Such things do tend to make my heart beat a little faster, and give me frights. I am accustomed now to living alone, coping and making decisions, but in some ways it does not get easier. Self-reliance is necessary, but I often feel as though I wish there was someone to call on. And there isn't. Not for mysterious thumps and bumps, anyway. The other day when I arrived home I found a metal object, part of an unknown mechanism, inside my tiny garden. I don't know what it was part of, or how it got there, but it made me feel somewhat uneasy. At such times I feel I am not quite coping.
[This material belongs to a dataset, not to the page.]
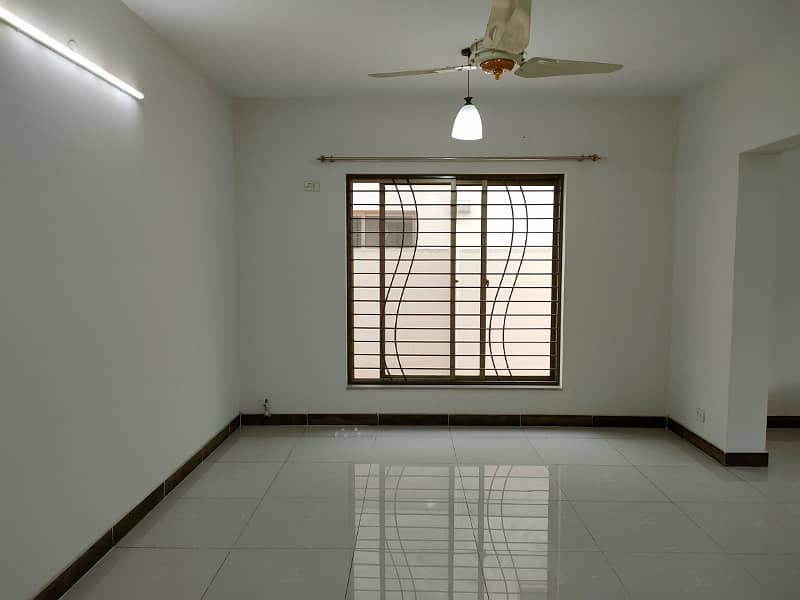 BEAUTIFUL LOCATION 17 Marla 4 Bed House For Sale In Askari 10 Lahore Cant 12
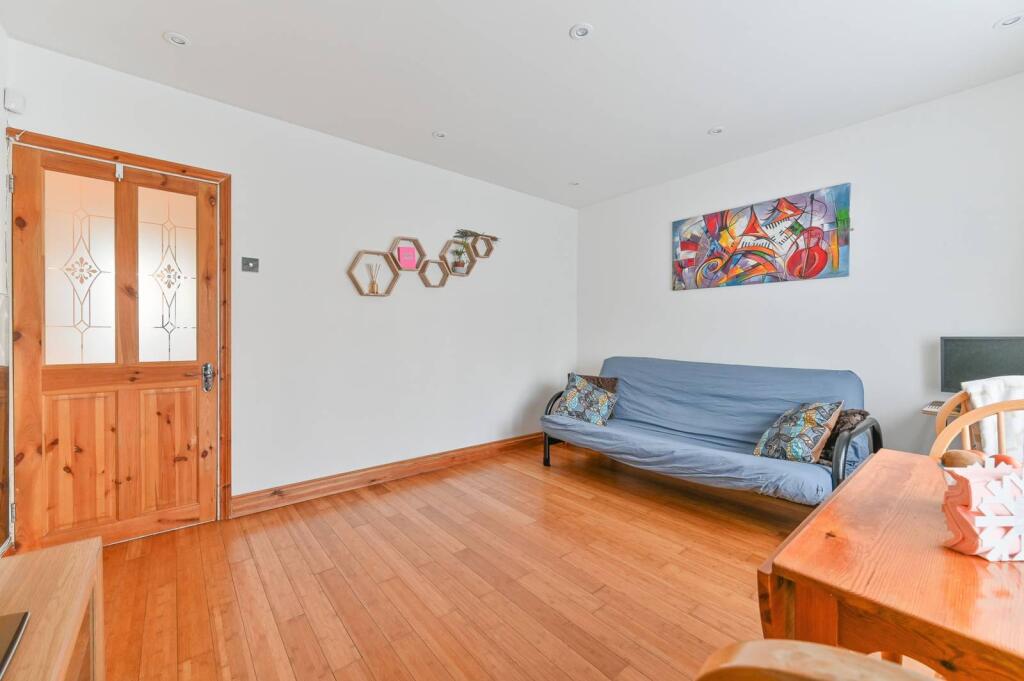 Main image of property: South Norwood Hill, Norwood, London, SE25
Today I should be at my Italian class, but I stayed home instead. The homework was difficult and I did not tackle it well, or in sufficient time to be able to muddle through, or to do what I did last week - with the excuse of having been away grandchildren minding and without computer - which was to extemporise with eloquence. I almost wrote fluency, but, umm, that is not quite correct.
I went out to return a very overdue book to the library. I finally managed to finish it last night. It has been a quieter Thursday than usual.
However, life seldom remains quiet. There was an ALP leadership spill, provoked, apparently by Simon Crean, which resulted in the unopposed re-election of the Prime Minister and the Deputy Leader.
The vicious shark-like feeding frenzy of the press continues unabated. So much easier to whip up leadership stories, or public opinion polls day after day, instead of telling us, the mug public, about what legislation has been passed by the Parliament, and what programs are being implemented. I despair, I really do.
Perhaps the thump on the roof was a portent.